··· Input material

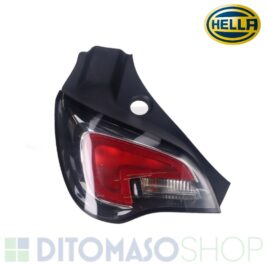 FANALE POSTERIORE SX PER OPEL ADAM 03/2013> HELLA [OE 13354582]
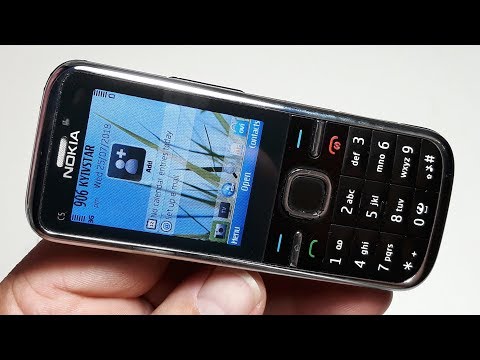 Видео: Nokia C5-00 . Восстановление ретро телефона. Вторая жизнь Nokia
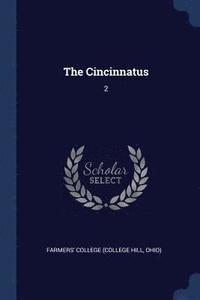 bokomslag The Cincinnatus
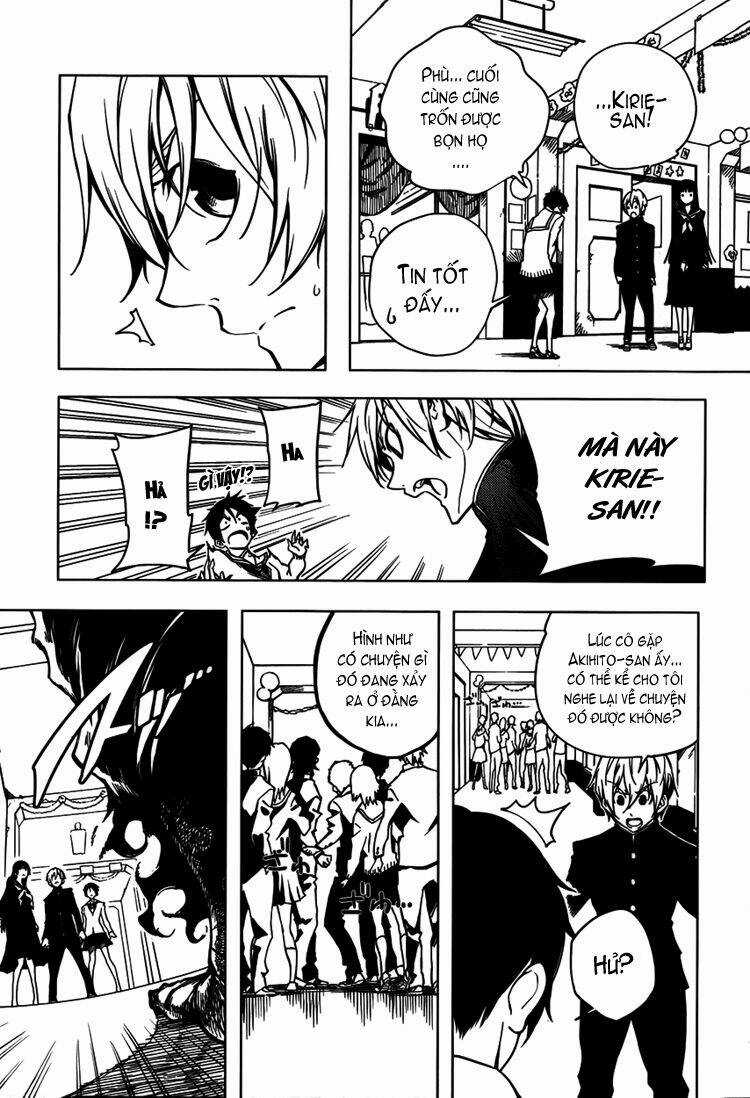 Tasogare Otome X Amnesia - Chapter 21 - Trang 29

······
··· Input material

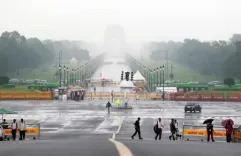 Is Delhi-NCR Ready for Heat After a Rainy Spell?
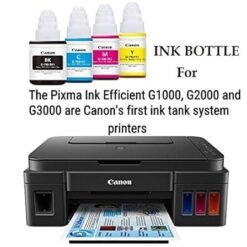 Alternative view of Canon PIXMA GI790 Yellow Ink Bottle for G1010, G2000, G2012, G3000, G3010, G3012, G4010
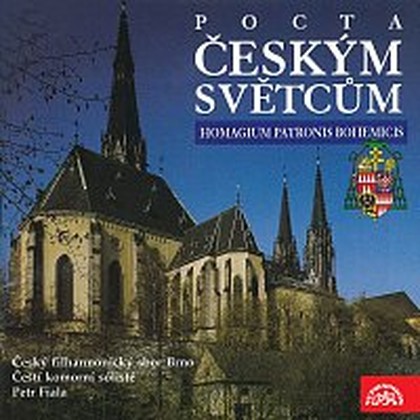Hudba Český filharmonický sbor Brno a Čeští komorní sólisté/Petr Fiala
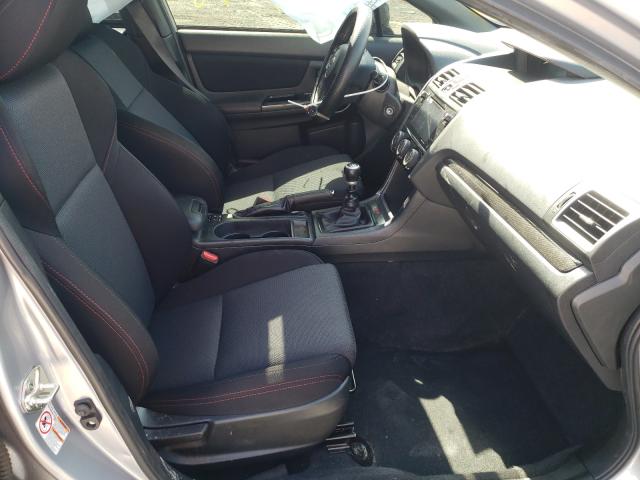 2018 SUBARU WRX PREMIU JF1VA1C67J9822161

······
··· Input material

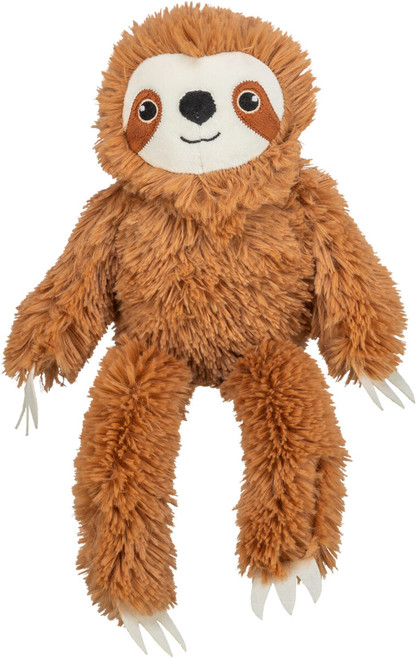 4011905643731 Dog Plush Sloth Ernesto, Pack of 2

······

### [Task statement]
Copy out the lines above from the line containing "Alternative view of" through the line containing "2018 SUBARU WRX PREMIU JF1VA1C67J9822161", exactly, and keep the pictures out.

### [Response to this task]
 Alternative view of Canon PIXMA GI790 Yellow Ink Bottle for G1010, G2000, G2012, G3000, G3010, G3012, G4010
Hudba Český filharmonický sbor Brno a Čeští komorní sólisté/Petr Fiala
 2018 SUBARU WRX PREMIU JF1VA1C67J9822161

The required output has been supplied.